The first thing that I am compelled to tell you about the film is that it is graphic. Like, fully graphic. It is not entirely clear to me why the filmmakers chose to make the documentary quite so explicit, as they could easily have filmed the “acting” from angles that would have made it quite clear what they were doing, without actually showing full-screen shots of genitalia. During a Q&A with the filmmakers after the screening, Flaxman spoke indignantly about having to re-edit the film for an R-rating for admission into west coast film festivals, and referred to the process as censorship. Clearly he felt some need to be as comprehensive as possible with this film, but I feel that not much would have been lost had the film been slightly more comfortable to view in a dark room full of strangers.

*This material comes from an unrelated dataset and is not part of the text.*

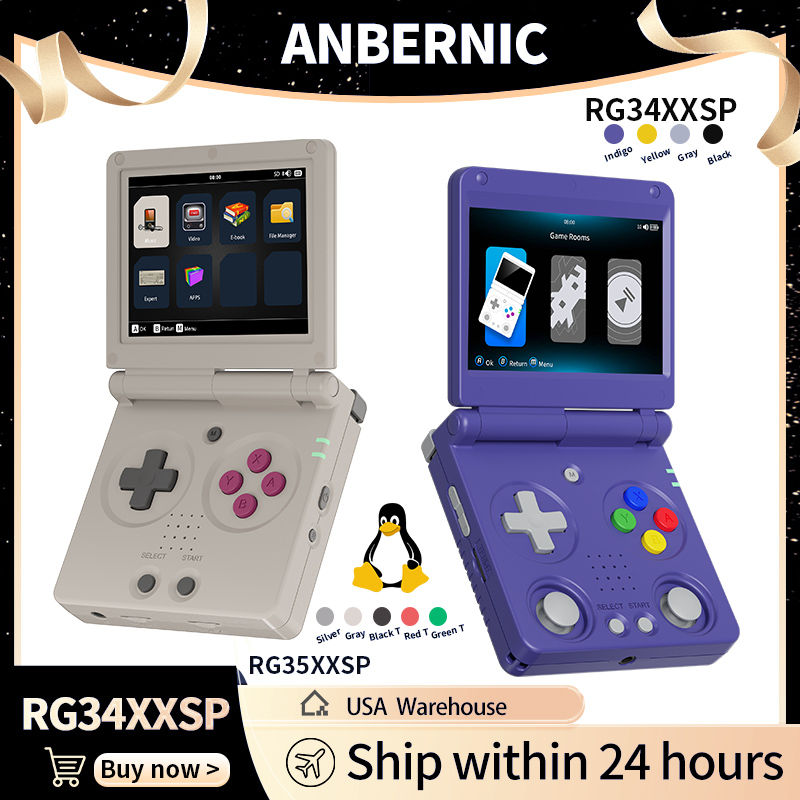 Anbernic RG34XXSP RG35XXSP Fli - Retro Gaming Hub 评论和价格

That said, once the more squeamish among us walked out (as several audience members did during the first sex scene), the rest of us settled in to enjoy the humor, because there really is a hilarious true story here. The characters are all colorful and fascinating, and each person seems to have a completely different worldview as it pertains to sex. There were all of the comical roadblocks that you would expect in a situation like this, including the male actors being unable to perform on camera, and the director being forced to bring in a ringer to provide the close-up shots. Beyond the comedy of errors, we also see the inherent humanity of such a project, and get a rare glimpse into the raw emotions that surround our sexual identities. (And let’s be honest, the hairstyles and mustaches alone were pretty entertaining.)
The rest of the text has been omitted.